Five Steps to a Winning Business Case
Making a successful business case for your new project is the winning way to ensure a good beginning for your team. How often have you been asked to “work the numbers” and provide a basis for a compelling project? Often, if you are a project manager with responsibility to help your sponsor and your company make decisions about which projects are the right ones to do. The PMBOK provides the body of knowledge for “doing it the right way.” In this article, you will learn about the five steps of a methodology that you can take away and use everyday for identifying, selecting, and justifying a new project or a significant change in scope to an ongoing project.
Projects with a solid business case return value to the business, to their sponsors, and to the stakeholders and customers. Meeting scope, staying within budget, and getting done on time are the tactical elements that deliver the value. This being so, it is self-evident that successful project managers are those that effectively make the connection between project accomplishment and business value. (Goodpasture 2001)
Business Case Basics
A winning business case is really no mystery. First, it provides the background and context for the project. Historical performance is often necessary to illustrate opportunity. As is operating results from functional and process metrics are part of context. Perhaps there are lessons learned and relevant history of other projects that got you to where you are.
Second, the business case identifies the functional, technical, or market opportunity that the project is to address. From opportunity, specific solutions can be developed.
Third, the project proposal is given, laying out a description of scope, required investment, expected results and project benefits, and key performance indicators (KPIs).
Next, understanding is conveyed about how the results of the project fit into the business operationally. For this, a “concept of operations” is needed.
Last, and perhaps most important, you ask for a decision on the project proposal. In this section, it is customary to ask for approval of the assignment of managers for performance responsibility.
Step 1. Establishing Context: Put History Together
Assembling history and setting the context for a new project may not be where project managers expect to first come into the picture. However, often times it is necessary to bring forward completed, cancelled, or deferred projects for analysis, or to analyse the operating metrics of ongoing functions and processes. Activities in this step are identifying the similarities, highlighting the differences, and making certain irrelevant aspects of past endeavors do not color the current situation.
Here’s a helpful hint: start with the WBS of all prior engagements. The WBS contains all the scope and should link directly to the financial records and chart of accounts. Make adjustments for change orders or other scope differences. Examine the project charter; make adjustments for tools, facilities, constraints, assumptions, and policies that influence the project, but may no longer be operative. Look also at the OBS (organizational breakdown structure) and the RAM (resource assignment matrix) that maps organization to scope.

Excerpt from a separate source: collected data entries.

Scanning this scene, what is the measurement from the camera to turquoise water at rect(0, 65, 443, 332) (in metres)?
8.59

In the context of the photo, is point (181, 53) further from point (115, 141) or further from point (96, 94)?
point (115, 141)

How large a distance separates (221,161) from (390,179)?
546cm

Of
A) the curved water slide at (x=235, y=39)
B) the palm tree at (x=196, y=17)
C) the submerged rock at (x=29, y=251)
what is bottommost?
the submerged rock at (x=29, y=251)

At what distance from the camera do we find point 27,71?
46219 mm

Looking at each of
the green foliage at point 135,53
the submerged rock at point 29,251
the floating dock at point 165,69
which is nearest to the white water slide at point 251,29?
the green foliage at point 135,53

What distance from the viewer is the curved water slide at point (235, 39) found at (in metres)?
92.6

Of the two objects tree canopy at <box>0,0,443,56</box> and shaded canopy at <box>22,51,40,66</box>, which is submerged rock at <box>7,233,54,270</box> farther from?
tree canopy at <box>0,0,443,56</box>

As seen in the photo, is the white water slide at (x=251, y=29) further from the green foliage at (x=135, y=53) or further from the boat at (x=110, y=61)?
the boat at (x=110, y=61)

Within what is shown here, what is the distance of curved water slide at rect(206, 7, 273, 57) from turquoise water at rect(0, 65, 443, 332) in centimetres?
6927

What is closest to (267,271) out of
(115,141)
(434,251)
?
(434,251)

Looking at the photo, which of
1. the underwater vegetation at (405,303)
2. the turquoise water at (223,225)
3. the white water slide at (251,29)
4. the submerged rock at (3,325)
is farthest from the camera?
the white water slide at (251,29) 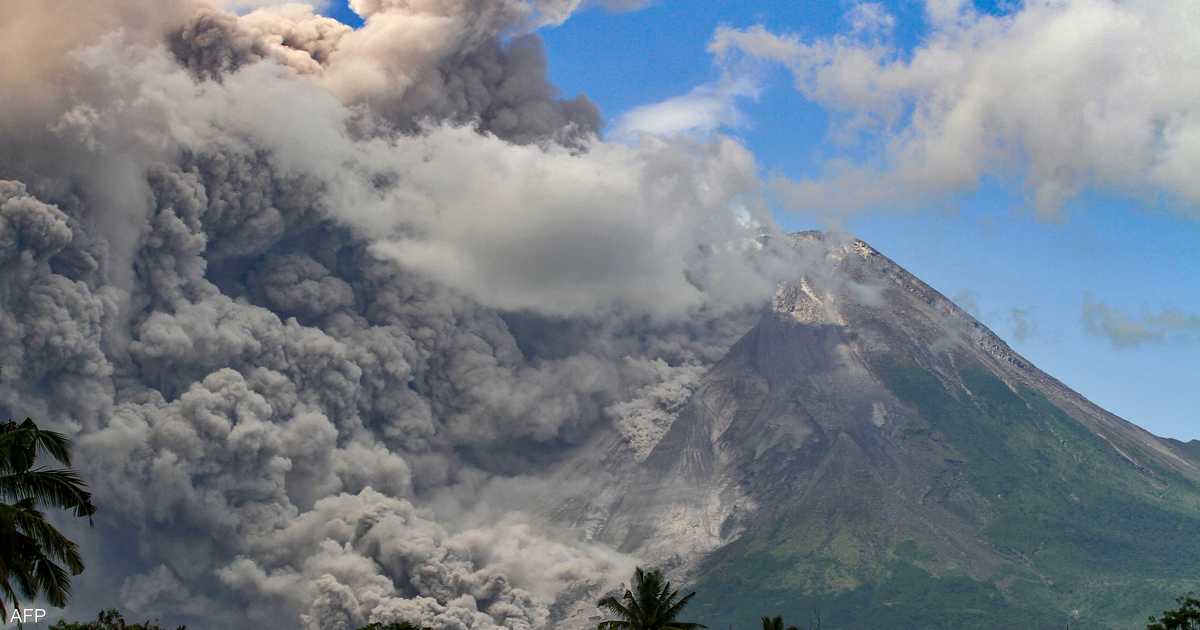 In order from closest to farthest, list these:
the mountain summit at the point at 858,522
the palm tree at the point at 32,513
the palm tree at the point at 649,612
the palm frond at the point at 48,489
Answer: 1. the palm tree at the point at 32,513
2. the palm frond at the point at 48,489
3. the palm tree at the point at 649,612
4. the mountain summit at the point at 858,522

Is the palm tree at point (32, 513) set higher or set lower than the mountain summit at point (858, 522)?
lower

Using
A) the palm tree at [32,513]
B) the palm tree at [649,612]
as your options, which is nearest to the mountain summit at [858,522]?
the palm tree at [649,612]

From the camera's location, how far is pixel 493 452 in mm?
168875

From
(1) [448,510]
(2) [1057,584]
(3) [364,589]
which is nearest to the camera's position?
(3) [364,589]

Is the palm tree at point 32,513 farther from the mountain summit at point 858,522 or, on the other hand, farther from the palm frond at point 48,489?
the mountain summit at point 858,522

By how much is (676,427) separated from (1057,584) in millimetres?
48100

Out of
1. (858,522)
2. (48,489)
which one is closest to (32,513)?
(48,489)

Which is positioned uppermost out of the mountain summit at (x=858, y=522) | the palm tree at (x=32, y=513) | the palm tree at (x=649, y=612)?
the mountain summit at (x=858, y=522)

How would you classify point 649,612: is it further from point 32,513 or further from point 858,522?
point 858,522

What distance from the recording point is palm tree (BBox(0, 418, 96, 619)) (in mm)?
19344

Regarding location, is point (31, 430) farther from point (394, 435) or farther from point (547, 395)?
point (547, 395)

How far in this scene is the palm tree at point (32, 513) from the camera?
19.3 m

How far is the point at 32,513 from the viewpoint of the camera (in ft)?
64.0

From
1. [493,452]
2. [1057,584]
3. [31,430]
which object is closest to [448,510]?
[493,452] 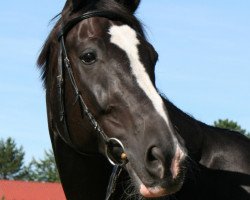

Step 2. Responding to Opportunity
We begin with this idea: Opportunity is “unmet need.” Investing in projects to satisfy identified need leads to reward. Reward enriches all who participate.
Goal Setting and Strategy Development
To effectively and wisely choose among opportunities requires goal setting and strategy development. We make these definitions: Goals are ends to be achieved, a state of the business in a future time. Objectives do not differ materially from goals, though some prefer to think of objectives in more of a tactical time-frame and goals in more of a strategic framework.
Opportunity is most often found within the goal sets of the “balanced scorecard” [Kaplan and Norton, Chapter 1]. Typically, there are four such sets: Customer and Market, Operational Efficiencies and Improvement, Organizational Development and Learning, and Employees.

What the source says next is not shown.